CI/CD caching with Bitrise: What is a cache, and why should you care about caching?

What is caching, and why should you care? In this article, we cover topics like what a cache is, how caching works, how it can speed up your build times, why you should cache your builds, and more.

TLDR; Caching is the most efficient way to increase your build speed. Optimize your workflows. Talk to us today.

Caching helps optimize CI/CD build times with a minimal amount of effort — and yet, our research has shown that few developers know how to cache, or what the true benefits of caching are. Long build times slow down development, hamper your release frequency, and negatively impact the user experience — affecting your bottom line. One solution to this is caching.

In this article, we cover topics like what cache is, how caching works, how it can speed up your build times, why you should cache your builds, and more.

CI/CD caching with Bitrise is a series of articles that takes you through all there is to know about caching. Other caching articles in the series currently include Dependency caching — then vs now. and Dependancy caching with Bitrise.

What is a cache and what does caching mean?

You may be wondering what a cache is and what it means to cache data. In broad terms, caching is a data-management heuristic that allows you to reuse a previously created piece of information (such as a file) instead of creating it again (such as downloading from a remote server). By doing this, data can be served up faster, and computations run quicker, as it eliminates the need to recreate something again and again. If you think about it, a cache — in its simplest form — is simply temporary data storage.

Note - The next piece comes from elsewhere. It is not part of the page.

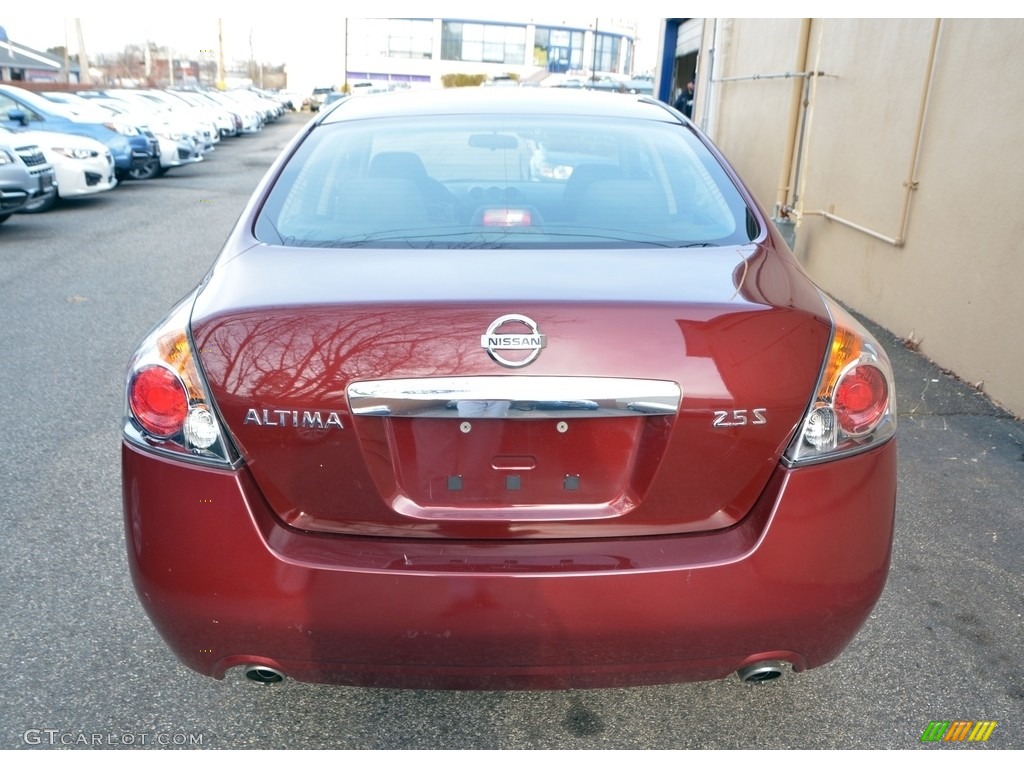 2012 Altima 2.5 S - Red Alert / Charcoal photo #6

In the context of mobile CI/CD systems, caching relates to moving data between isolated builds. By definition, each CI build runs in ephemeral, isolated virtual machines. This means that a typical CI workflow needs to take extra steps to bootstrap the environment that is normally already available on a developer’s local machine. This bootstrapping includes installing CLI tools, downloading 3rd party dependencies, and fetching the source code. These operations take precious execution time, so correctly caching any of these operations makes your CI workflows faster.

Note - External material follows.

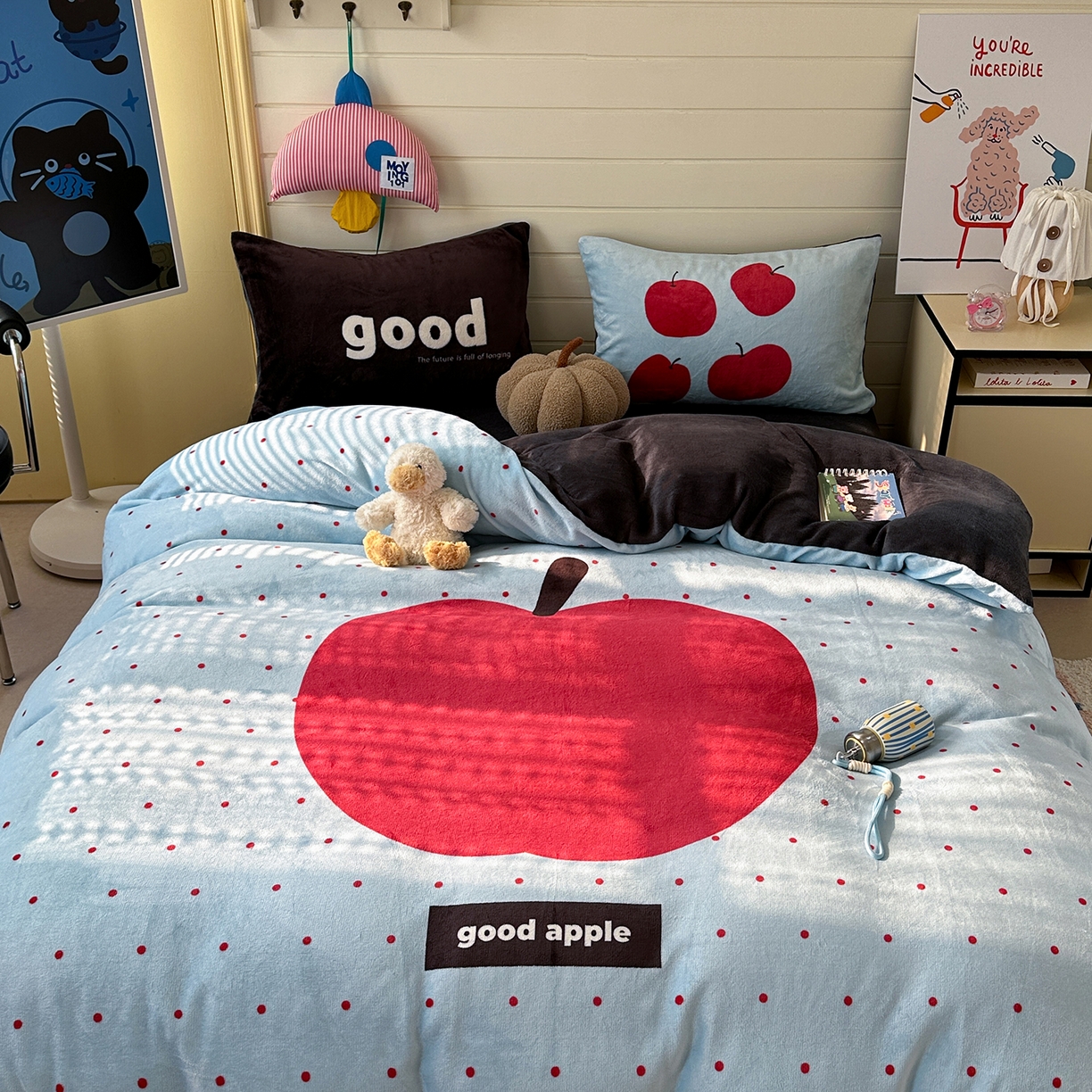 91家纺网 家纺一手货源 找家纺 美乐迪家纺 2025新款大版牛奶绒四件套 波点苹果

To illustrate this is the image below. Without a cache, builds are completely isolated from one another; Build#1, Build#2, and Build#3. However, with caching, data can be shared across builds, reducing execution time and making CI validation faster.

Without caching, builds are isolated from one another.  With caching, communication between builds happen.

Caching and the cooking concept: How it helps speed up build times

In “Caching – An Introduction”, GeeksforGeeks explained caching by means of a cooking concept.

“Let’s say you prepare dinner every day and you need some ingredients for food preparation. Whenever you prepare the food, will you go to your nearest shop to buy these ingredients? Absolutely no. That’s a time-consuming process and every time instead of visiting the nearest shop, you would like to buy the ingredients once and you will store that in your refrigerator. That will save a lot of time. This is caching and your refrigerator works like a cache/local store/temporary store. The cooking time gets reduced if the food items are already available in your refrigerator. 

The same things happen in the system. In a system accessing data from primary memory (RAM) is faster than accessing data from secondary memory (disk). Caching acts as the local store for the data and retrieving the data from this local or temporary storage is easier and faster than retrieving it from the database. Consider it as a short-term memory that has limited space but is faster and contains the most recently accessed items. So If you need to rely on a certain piece of data often then cache the data and retrieve it faster from the memory rather than the disk.

In a similar way, if you want to speed up your build times, you should store all the required content ‘locally’, just like someone would store cooking ingredients in a fridge. This way, all your content is close by and on the same system, meaning they’re readily available when you’re starting your builds. 'Content' includes things like your source code and other software dependencies*.

*A software dependency is a code library or package that is reused in a new piece of software. It contains many built in functionalities that can be used directly in your software. Developers use dependencies to avoid having to reinvent the wheel, to speed up our coding process, save time and increase efficiency.  

Thinking about this in practice: When you run your builds on your local system, the source code is already available locally. However, software dependencies may not be as these are usually developed and published by other developers on the internet. You thus need to download dependencies before starting your build - which can take up a lot of time.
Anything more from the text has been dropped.